Nobody other than a bunch of kids and us have used them yet.... I just listed them yesterday!



Grandpa Grumpy said:


> Blue Raja made a post on these in the General discussion under the topic about wrist braced slingshots. I shoot a Daisy F-16 and a Barnett Strike 9. Looks like a simple way to attach flats to a commercial slingshot.


The Smart Clamps will fit those two perfectly. In fact the picture shows them attached to a Daisy B52


----------



## Eldon 77 (Aug 20, 2018)

It would be cool to see a video tutorial on how well they work.

Sent from my iPhone using Tapatalk


----------



## Cjw (Nov 1, 2012)

They look like a great idea.  Bill always has great ideas for things. They would be perfect for setting up with flats to teach a friend to shoot. I've really never seen anyone get Fork hits on a wire frame. Be great for beginners.

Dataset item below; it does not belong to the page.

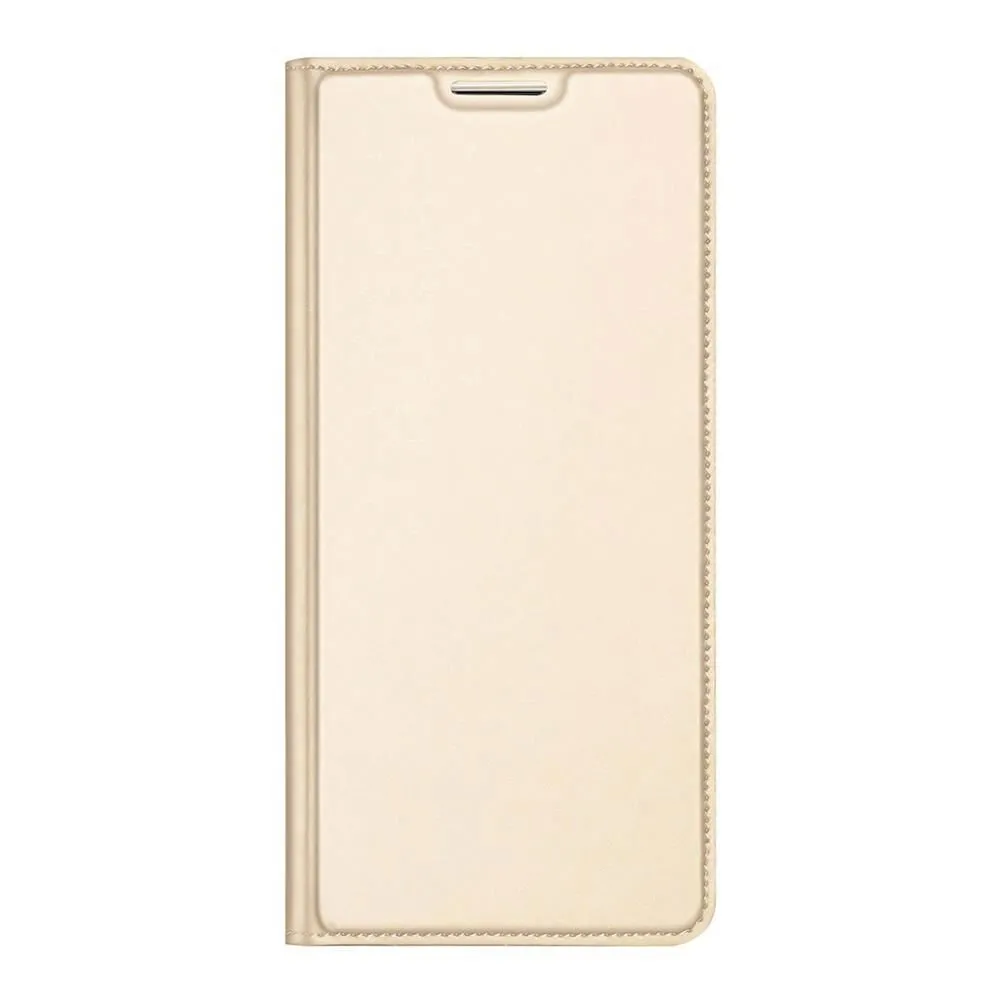 Xcover husa p/u Xiaomi Redmi Note 11/Note 11S, Soft Book, Gold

Sent from my iPhone using Tapatalk Pro


----------



## skarrd (Jul 20, 2011)

oh lord i will be making another purchase,lol


----------



## Bill Hays (Aug 9, 2010)

Cjw said:


> They look like a great idea.  Bill always has great ideas for things. They would be perfect for setting up with flats to teach a friend to shoot. I've really never seen anyone get Fork hits on a wire frame. Be great for beginners.
> 
> Sent from my iPhone using Tapatalk Pro


Thanks Chris, they really do make it easy for beginners


----------



## Flatband (Dec 18, 2009)

Nice addition to your line Bill. Simple ,effective-nice!


----------



## Ibojoe (Mar 13, 2016)

Gosh that’s a great idea. Those should work nicely


----------



## Tag (Jun 11, 2014)

I definitely like the concept, I think it will help the younger kids to get started in slingshots. Now if spring would get here


----------



## JPD-Madrid (Apr 2, 2013)

It looks cool. Another kind of fast installation of bands.


----------



## Samurai Samoht (Apr 6, 2013)

Clever!! Good thinking Bill!


----------



## Pebble Shooter (Mar 29, 2014)

Although an interesting idea at first sight, I would question the possibility of the tubes or bands being flung back into the shooter's face with the circular clamps if something loosens up unexpectedly :hmm: .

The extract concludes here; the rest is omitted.